"Sharp" Inequalities When we say that an inequality is sharp, does it mean that it is "the best" inequality we can get between the two quantities involved?
For example, I read that we would say that the inequality
$$
\frac{a^2+b^2}{2}\geq ab
$$
is sharp, but wouldn't $\frac{a^2+b^2}{2}$ on the RHS be sharper than $ab$?
Do we just mean that we can't multiply the RHS of $\cdot\geq\cdot$ by a constant $>1$ (or equivalently that we can't multiply the LHS by a constant in $[0,1)$)? So that would be a "best" inequality in this sense?

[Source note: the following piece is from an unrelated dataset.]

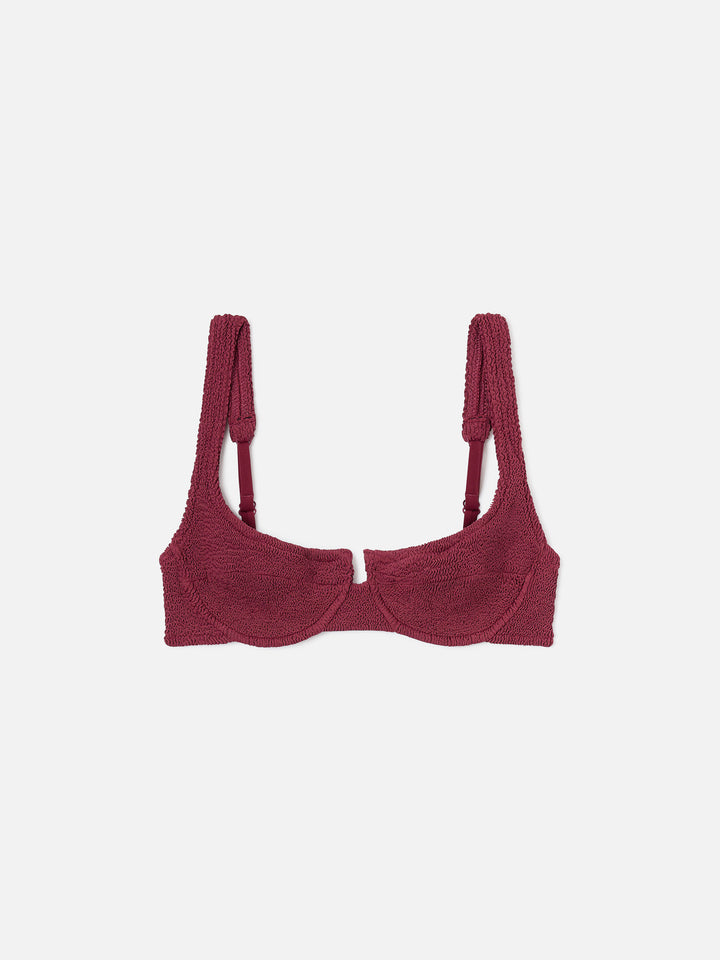 Amira Balconette-Bikinioberteil aus burgunderfarbenem Crinkle-Stoff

 A: As was said, many times bounds are not as strong as they theoretically could be. In math, this comes because a specific quality is hard to compute. A basic example is computing world population-- you could say "The population of the world is greater than 3 billion." but this inequality might not be very good.
So by saying an inequality is sharp, it means that a theoretical maximum has been reached and there's no room for improvement for that particular inequality. However, there could of course be other inequalities with the same LHS or RHS.
A: Here is another definition of sharpness that demonstrates that the inequality is optimal (i.e., best-possible).
If $f,g:\mathbb{R}^n \longrightarrow \mathbb{R}$ and
\begin{equation} 
f(x) \geq g(x),~\forall x \in S \subseteq\mathbb{R}^n, \tag{1} \label{ineq}
\end{equation}
then \eqref{ineq} is called sharp if there is an element $\hat{x} \in S$ such that $f(\hat{x}) = g(\hat{x})$.
Why is this inequality the best possible inequality? Suppose that \eqref{ineq} is sharp as defined above. For contradiction, if $h:\mathbb{R}^n \longrightarrow \mathbb{R}$ is a function such that
\begin{equation} 
f(x) \ge h(x) > g(x),~\forall x \in S  
\end{equation}
then, in particular, $f(\hat{x}) > g(\hat{x})$, a contradiction. Thus, the inequality is the best-possible.